Lleshi nodded reluctantly, feeling a twinge of discomfort. Dangerous situations were hardly anything new to him, and he'd had his fair share of ordering men onto what were little more than suicide missions. But always before they'd been military men, who had known what they were getting into and had had the best possible chance of getting out alive. Not a civilian with barely eight weeks of training.

Especially not a civilian who'd been lied to straight from square one about what his contribution was expected to be. "He may get lucky," he said.

Telthorst eyed him thoughtfully for a moment. "Perhaps. I'd like a copy of that Lorelei data pulse."

Lleshi caught Campbell's eye, nodded. Wordlessly, the other stepped over to Telthorst and handed him a data cyl. "Thank you," the Adjutor said, getting to his feet. "If you need me, Commodore, I'll be in my stateroom."

He went to the bridge lift platform; paused there. "By the way, you'll want to do a complete survey of this system," he added over his shoulder. "As long as we have to leave a functioning catapult here anyway, we might as well see if there's anything worth coming back for."

"Thank you," Lleshi said. "I am familiar with standing orders."

"Good." For a moment Telthorst let his gaze drift leisurely around the balcony, as if to remind them all who was ultimately in charge of this operation. Then, without another word, he disappeared down the lift plate shaft to the lower command deck and left.

Bastards, Lleshi thought after him. Carved-ice bastards, every one of them. He turned back to his console, keyed for an engineering status report.

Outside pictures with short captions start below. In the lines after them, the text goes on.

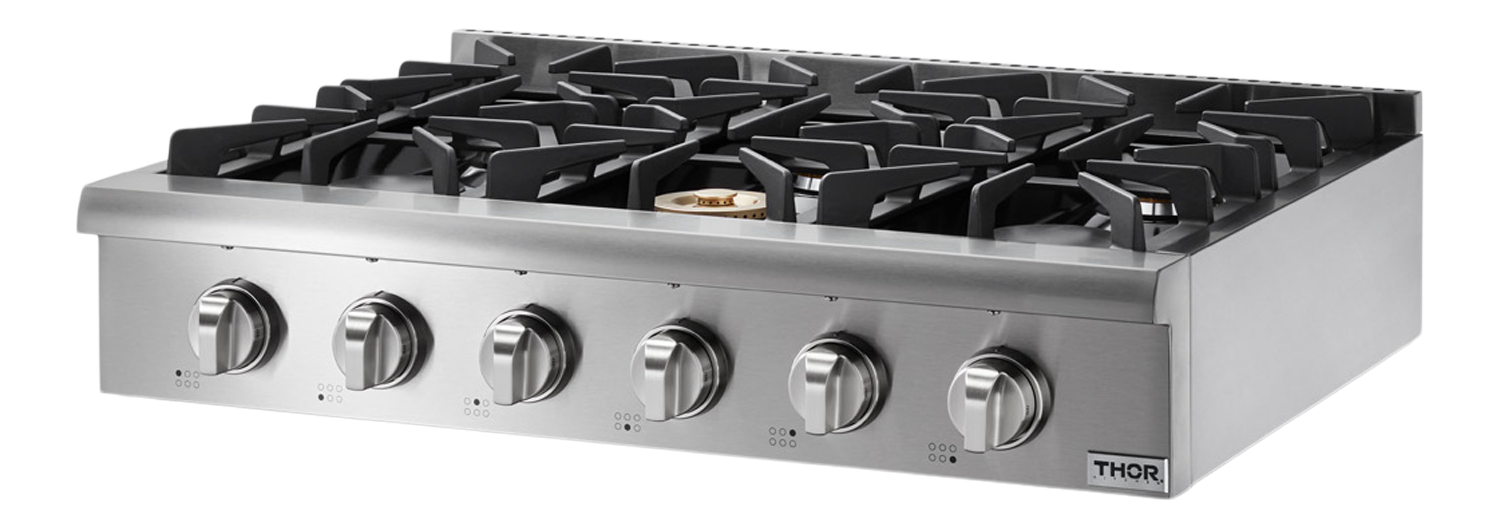 Thor Kitchen 36-Inch Professional Gas Rangetop - Model HRT3618U-R (Renewed)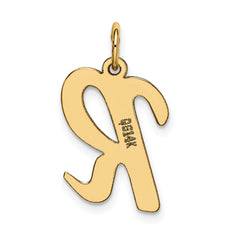 14K Large Script Initial R Charm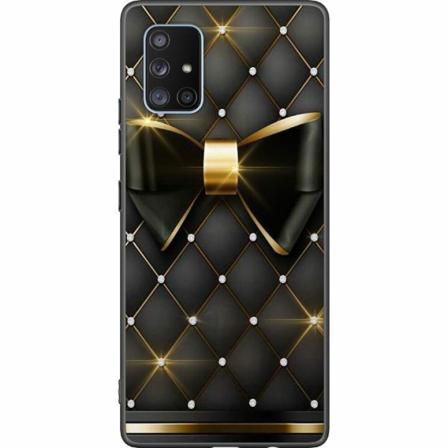 Samsung Galaxy A71 5g Svart Skal Gyllene Rosett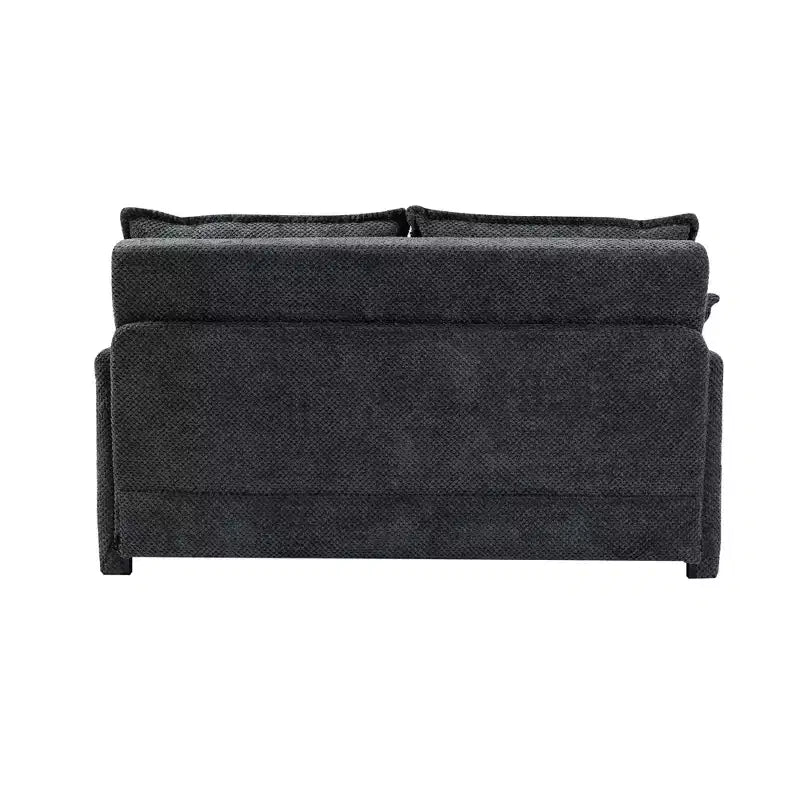 59.5/73.6W Pull Out Sofa Bed, Corduroy Convertible Sleeper Sofa Couch with Side Storage & USB Charging Station - ModernLuxe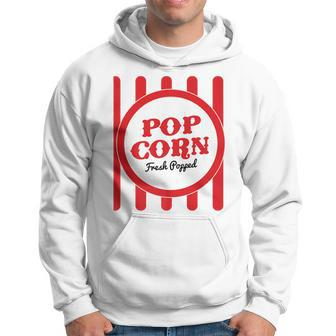 Old Fashion Popcorn Costume Halloween Trick Or Treat Hoodie - Seseable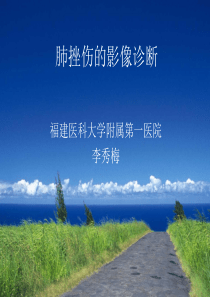 肺挫伤的影像诊断ppt课件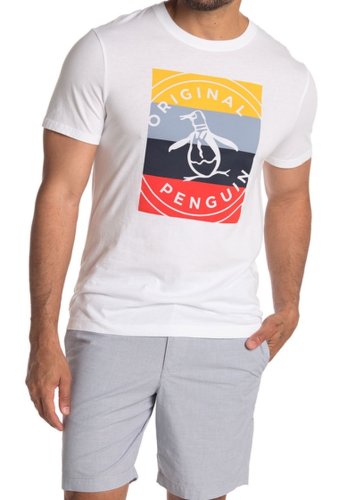 Imbracaminte barbati original penguin short sleeve graphic t-shirt bright white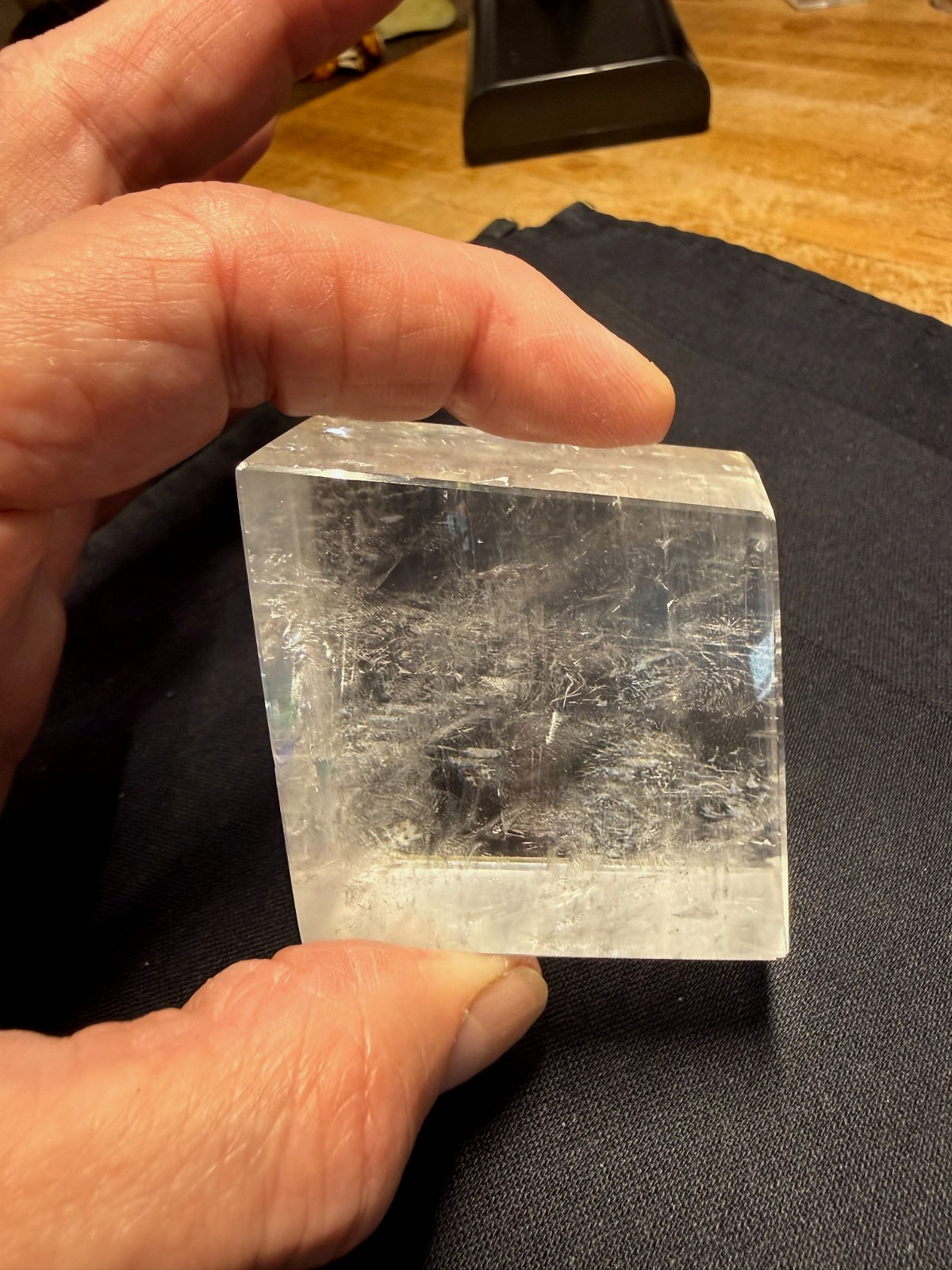 Calcite Rhombus Translucent Crystal Gemstone Cube Specimen 000
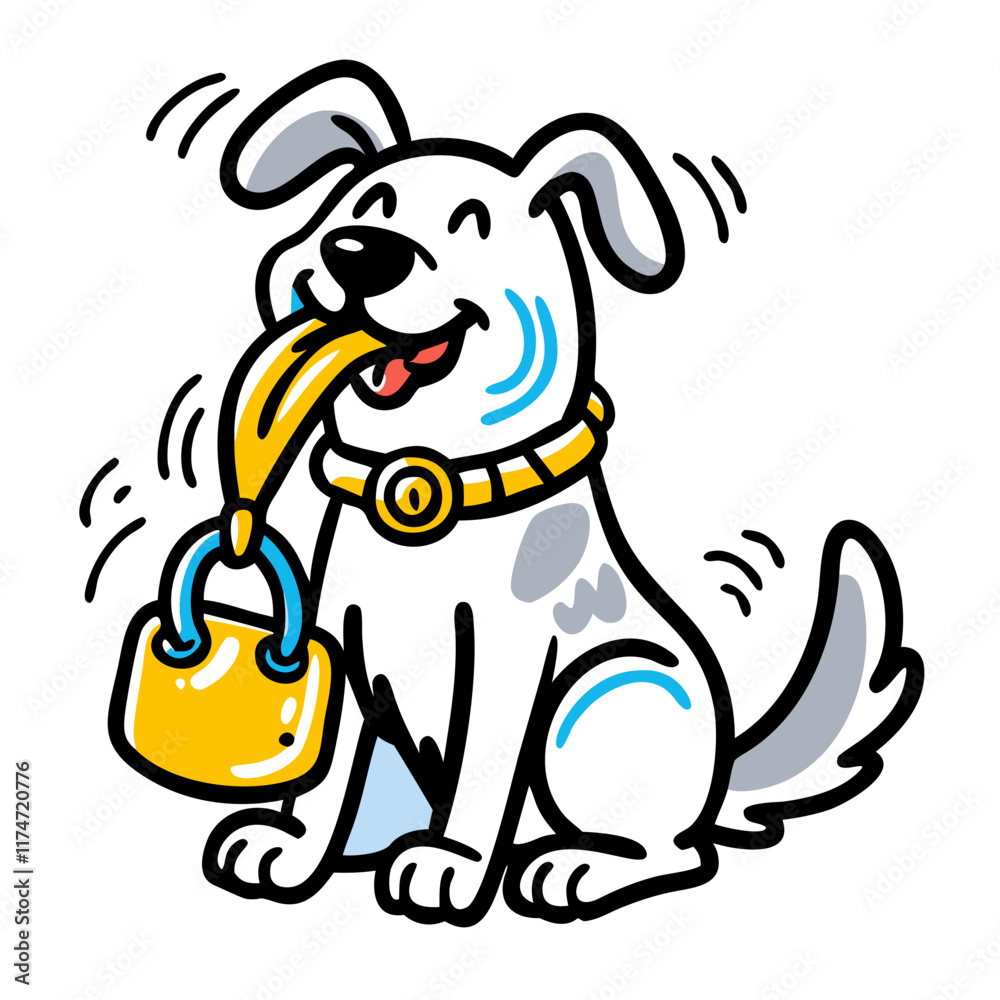 Obraz premium Design Fun Dog Illustrations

Work on the kick pod catapult was already underway, with an estimated completion time of five days.

At which point they would be able to send word back to the Pax that Kosta's drop had been successful. And the Empyrean would be on its slow, leisurely way to defeat.

"Tell engineering that as soon as the kick pod is away they're to put triple shifts on the main catapult construction," he instructed the comm officer. "I want it ready in four months."